WITHDRAWN- Mechanisms for Fast Co-pyrolysis Initial Reactions of Rice Straw and Polystyrene Explored Using A Pyroprobe Integrated With an Ion Trap Mass Spectrometer

Co-pyrolysis of rice straw with hydrogen atom-rich polystyrene is a promising approach to improve bio-yield and quality, alleviate the dependency on crude oil-derived fuels and products, and contribute to waste management. Optimization of the co-pyrolysis process requires structural identification of initial co-pyrolysis products and molecular-level understanding of reactions producing these products. This study employed a pyroprobe directly integrated with a linear quadrupole ion trap (LQIT) and LQIT/Orbitrap tandem mass spectrometers having an atmospheric pressure chemical ionization (APCI) source to decipher the identities of initial fast co-pyrolysis products of rice straw and polystyrene. This analytical approach, not involving gas chromatography, facilitates rapid cooling of the initial products and their immediate ionization by APCI for further analysis.

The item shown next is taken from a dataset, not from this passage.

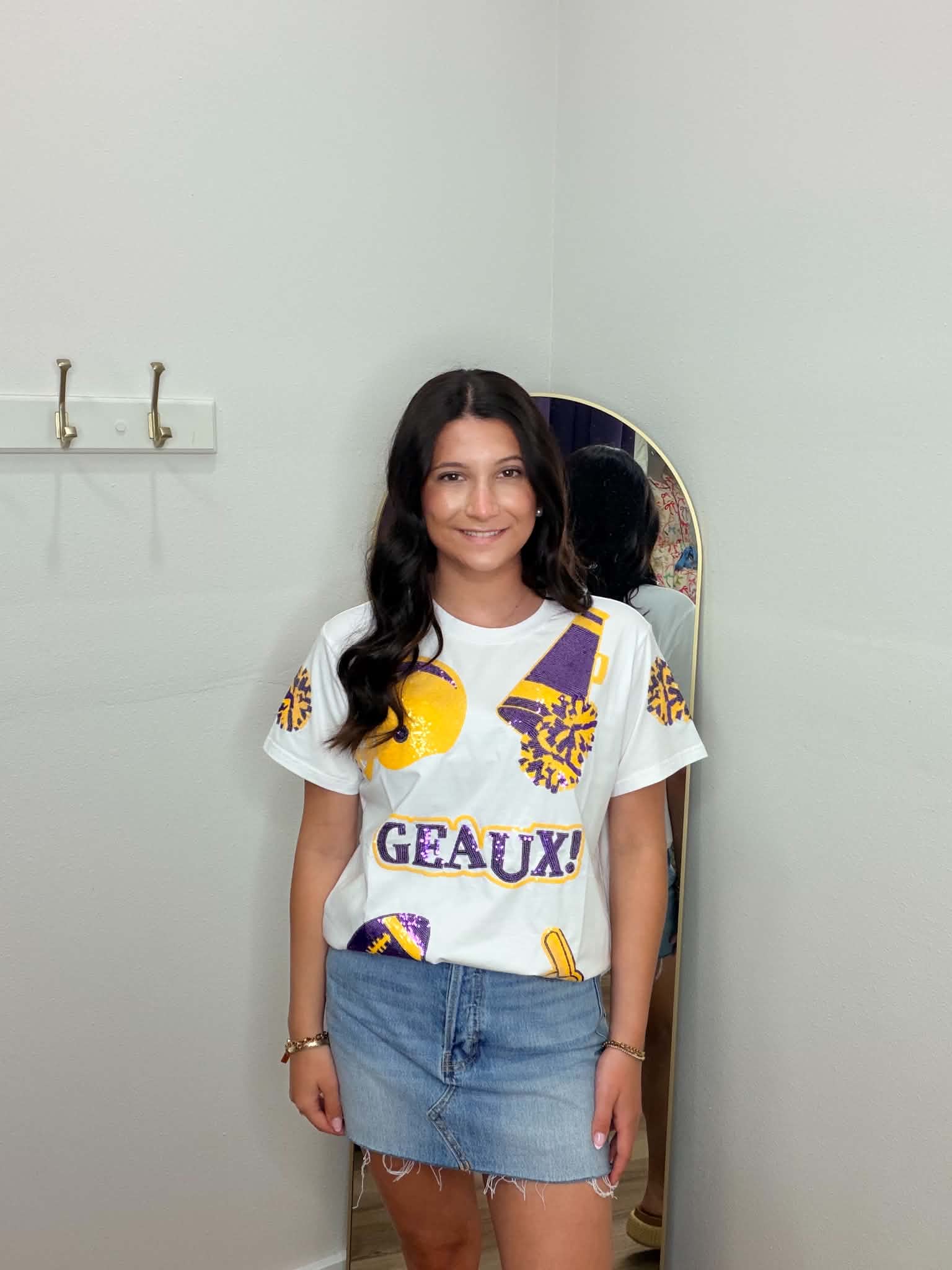 Purple/Gold Let's Geaux Sequin Shirt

Quantum chemical calculations were employed to elucidate the likely co-pyrolysis reaction mechanisms. Different blending ratios of (rice straw: polystyrene, by wt.%) were used to perform co-pyrolysis experiments. Detected initial co-pyrolysis products of blends were similar to products formed via individual pyrolysis of either rice straw or polystyrene. Co-pyrolysis at blending ratios 90:10, 85:15, and 70:30 synergistically enhanced the production of furan-related compounds (e.g., 5-hydroxymethylfurfural) and monoaromatic hydrocarbon compounds (styrene and 2-phenyl-1,3-butadiene). This occurred probably due to intermolecular H atom transfer reactions between intermediates derived from polystyrene and rice straw during co-pyrolysis, based on calculations. Proposed co-pyrolysis reaction mechanisms involved both concerted (e.g., dehydration, pinacol rearrangement, etc.) and free radical reactions. Along with the blending ratio, operating parameters, i.e., final temperature, heating rate, and final temperature holding time, were found to influence the distribution of co-pyrolysis products significantly.